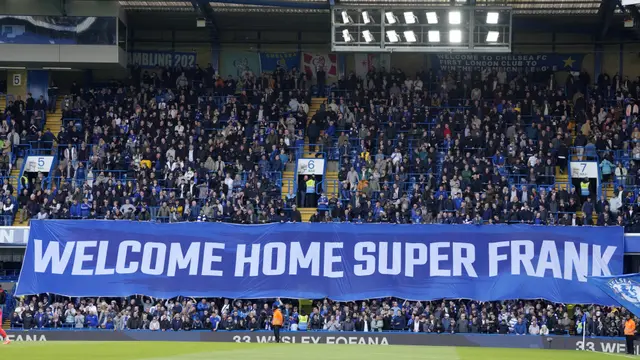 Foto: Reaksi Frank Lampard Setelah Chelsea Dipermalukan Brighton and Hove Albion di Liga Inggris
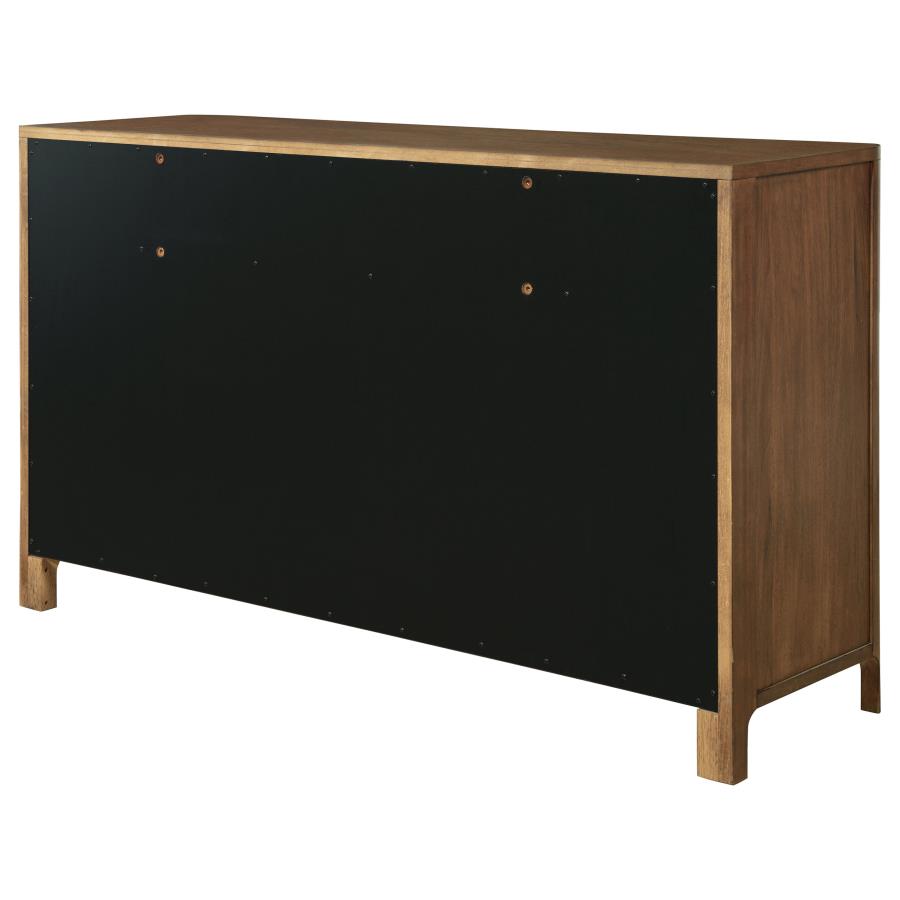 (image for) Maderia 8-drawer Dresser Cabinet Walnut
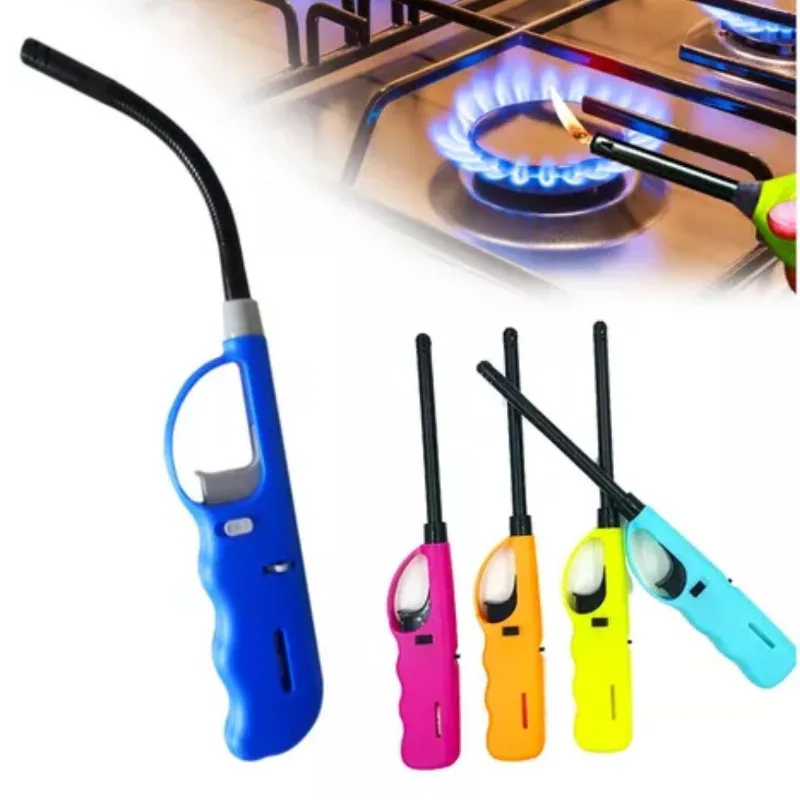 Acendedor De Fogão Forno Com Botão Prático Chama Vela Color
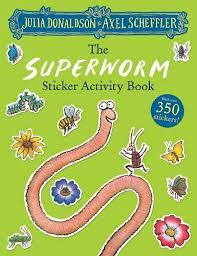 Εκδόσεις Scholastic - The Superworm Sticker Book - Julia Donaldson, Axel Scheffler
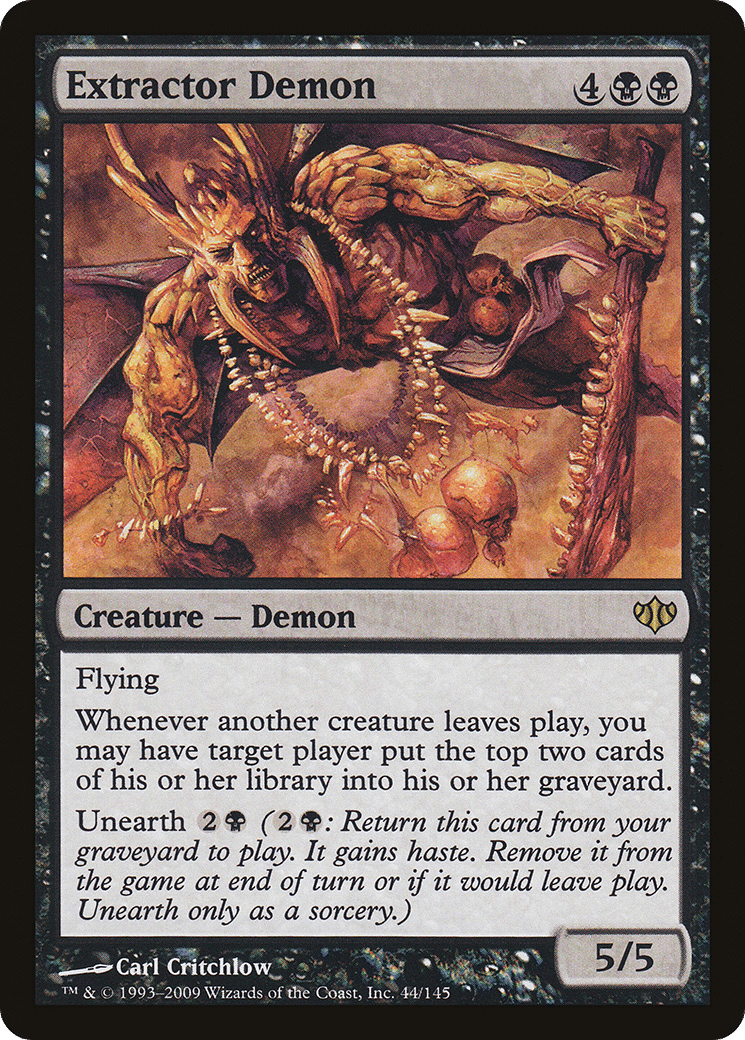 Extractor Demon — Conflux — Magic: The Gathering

★ ★ ★

### Task goal
Would you please repeat the entries above verbatim, excluding each picture?

### Answer
 Foto: Reaksi Frank Lampard Setelah Chelsea Dipermalukan Brighton and Hove Albion di Liga Inggris
 (image for) Maderia 8-drawer Dresser Cabinet Walnut
 Acendedor De Fogão Forno Com Botão Prático Chama Vela Color
 Εκδόσεις Scholastic - The Superworm Sticker Book - Julia Donaldson, Axel Scheffler
 Extractor Demon — Conflux — Magic: The Gathering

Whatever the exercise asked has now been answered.